▸ **Provided entries**

>>>

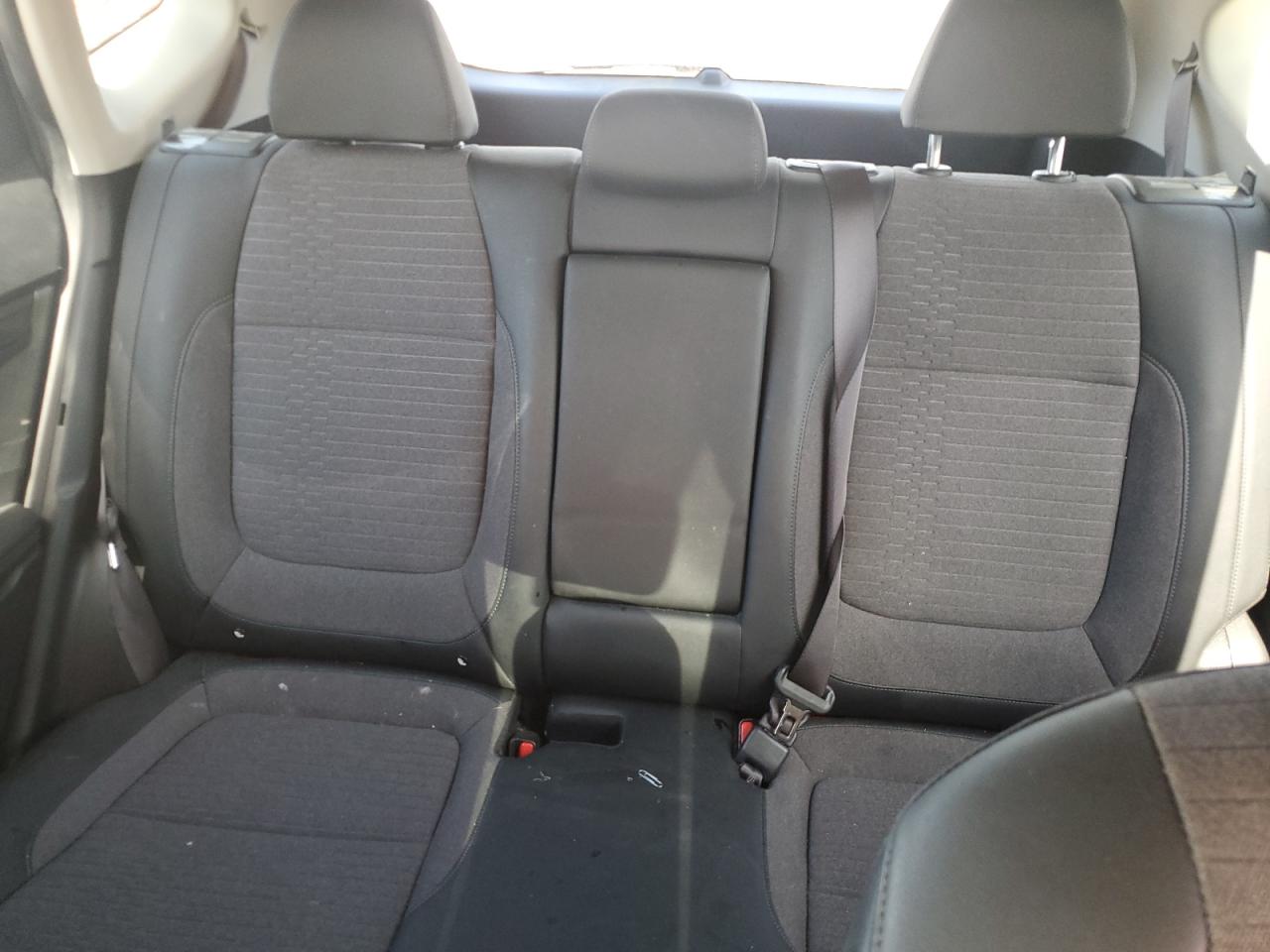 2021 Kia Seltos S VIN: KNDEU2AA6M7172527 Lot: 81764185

<<<
>>>

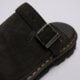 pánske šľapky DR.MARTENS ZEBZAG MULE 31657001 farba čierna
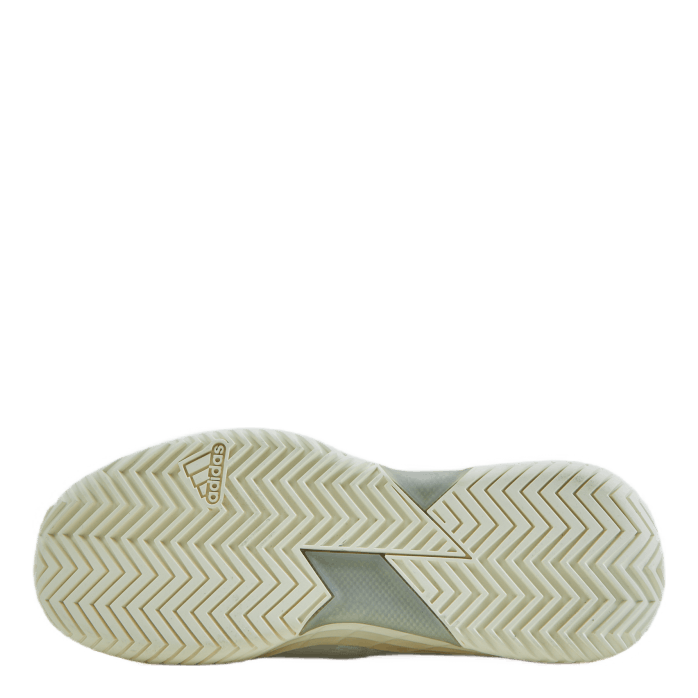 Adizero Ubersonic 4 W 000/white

<<<

▸ **What you will do**
Output exactly the lines above that lie between the line with "pánske šľapky DR.MARTENS" and the line with "Adizero Ubersonic 4 W 000/white", those two lines included, and no pictures.

▸ **Answer below**
 pánske šľapky DR.MARTENS ZEBZAG MULE 31657001 farba čierna
 Adizero Ubersonic 4 W 000/white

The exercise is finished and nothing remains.